FIG. 3 shows an arrangement similar to that shown in FIG. 2, except that a fan 28 is also coupled to the second shaft 22 which is driven by the further turbine 20. Whilst there are many conceivable functions which could be fulfilled by a fan driven by the further turbine, in this particular example the fan 28 is used to create a flow of air over the generator 26 which provides cooling for it. This might avoid the need to provide any additional cooling and/or it may allow the generator 26 to operate at a higher power rating and/or more efficiently.

FIGS. 4 a and 4b show an advantageous extension of the arrangements set out in FIG. 3. As in the previously described embodiment, a fan 28 is coupled to the second shaft 22 so as to be driven by the further turbine 20, thereby providing a cooling air flow past the generator 26 (although it will be noted that in this depiction, the air flow past the generator is in the opposite direction to that shown in FIG. 3). The air is drawn in through a cooling air intake 30, past the generator 26 and the fan 28 to an exit duct 32 downstream of the fan. The exit duct 32 may be open or closed by a valve 34 at the far end. The valve 34 is shown in its open position in FIG. 4a.

Also shown in FIGS. 4a and 4b is an air intake duct 36 into which air is drawn by the compressor 4. This too may be open or closed depending upon the position of an intake valve 38, shown in its open position in FIG. 4a. A connecting duct 40 is provided between the previously described intake duct 36 and the outlet duct 32. A further valve 42 is provided in the connecting duct 40 in order to open or close it. This valve 42 is shown in its closed position in FIG. 4a.

In operation, FIG. 4a shows the normal running state of the apparatus. Thus the gas turbine engine section 2 draws air in through the air intake duct 36 and the hot air and combustion gases are eventually exhausted through the hot gas exhaust 24 downstream of the further turbine 20. An independent gas flow path is set up by rotation of the fan 28 by the second shaft 22 which draws in air through the cooling air intake 30 before it exits again through the outlet duct 32 and past the valve 34. These two flow paths remain independent of one another since the valve 42 in the connecting duct 40 remains closed during steady state operation of the apparatus.
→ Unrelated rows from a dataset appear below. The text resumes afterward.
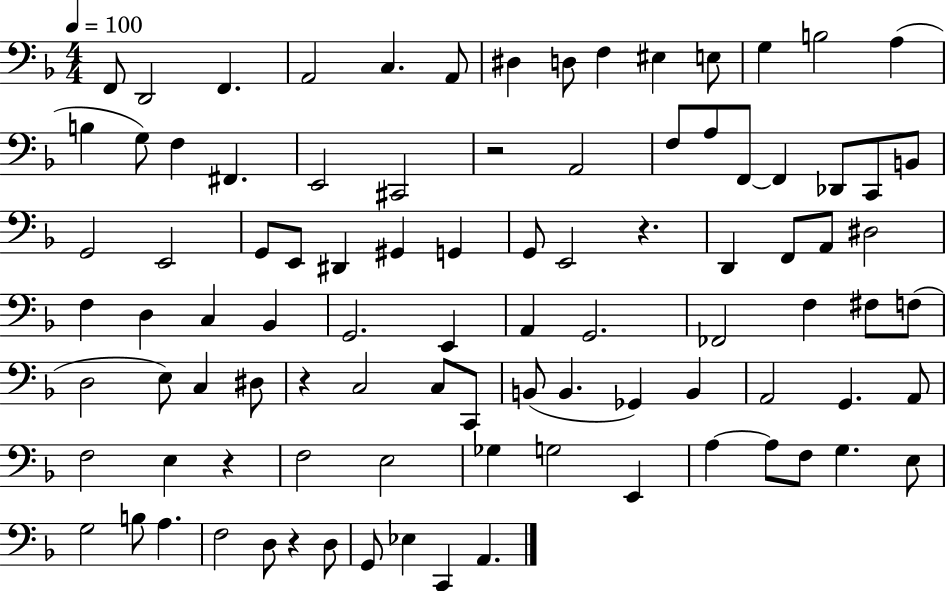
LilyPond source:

{
  \clef bass
  \numericTimeSignature
  \time 4/4
  \key f \major
  \tempo 4 = 100
  f,8 d,2 f,4. | a,2 c4. a,8 | dis4 d8 f4 eis4 e8 | g4 b2 a4( | \break b4 g8) f4 fis,4. | e,2 cis,2 | r2 a,2 | f8 a8 f,8~~ f,4 des,8 c,8 b,8 | \break g,2 e,2 | g,8 e,8 dis,4 gis,4 g,4 | g,8 e,2 r4. | d,4 f,8 a,8 dis2 | \break f4 d4 c4 bes,4 | g,2. e,4 | a,4 g,2. | fes,2 f4 fis8 f8( | \break d2 e8) c4 dis8 | r4 c2 c8 c,8 | b,8( b,4. ges,4) b,4 | a,2 g,4. a,8 | \break f2 e4 r4 | f2 e2 | ges4 g2 e,4 | a4~~ a8 f8 g4. e8 | \break g2 b8 a4. | f2 d8 r4 d8 | g,8 ees4 c,4 a,4. | \bar "|."
} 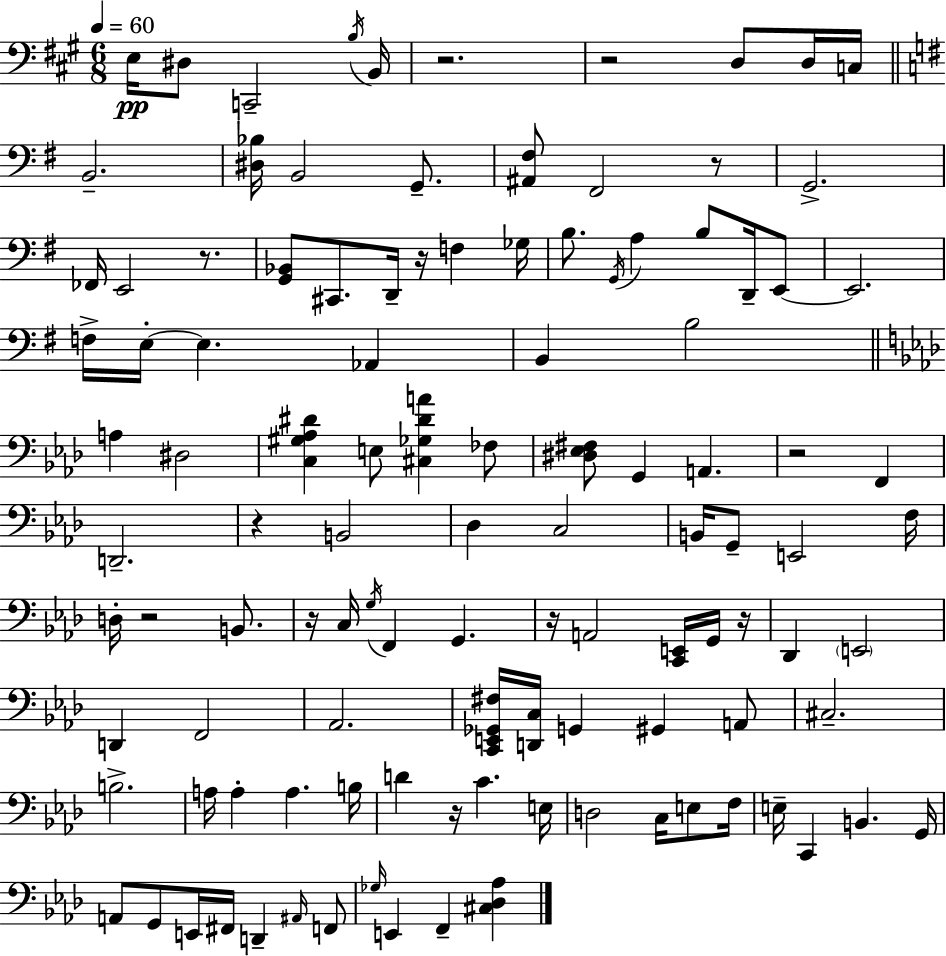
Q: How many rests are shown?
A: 12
However, this apparatus can also be used in a self-starting mode which is represented in FIG. 4b. In this mode, the intake valve 38 and cooling fan outlet valve 34 are both closed while the valve 42 in the connecting duct 40 is opened. At the same time, the generator 26 is operated as a motor by applying a suitable electrical current to it which has the effect of rotating the shaft 22 and thereby driving the fan 28. This has the effect of drawing air in through the cooling air intake 30 (and past the motor 26, thereby cooling it) and so into the outlet duct 32. However, since the cooling fan outlet valve 34 is closed and the connecting duct valve 42 is open, the air is forced to pass through the connecting duct 40 and into the intake duct 36 for the compressor 4. Again, since the intake valve 38 is closed, the air flow is forced into the compressor 4 which in this circumstance is therefore made to act like a turbine. Accordingly the forced air flow rotates the compressor 4 and hence the first shaft 8 and the turbine 6. However simultaneously or when the shaft 8 has reached a certain speed, typically around 30% of the maximum operating speed, the combustor 10 may be switched on. This operation is continued until self-sustaining rotation of the shaft 8 of the engine section 2 is achieved. At this point, the electrical power source may be removed from the motor 26 and the three valves 34, 38, 40 operated to change their states to those shown in FIG. 4a so as to permit continuous, steady-state operation.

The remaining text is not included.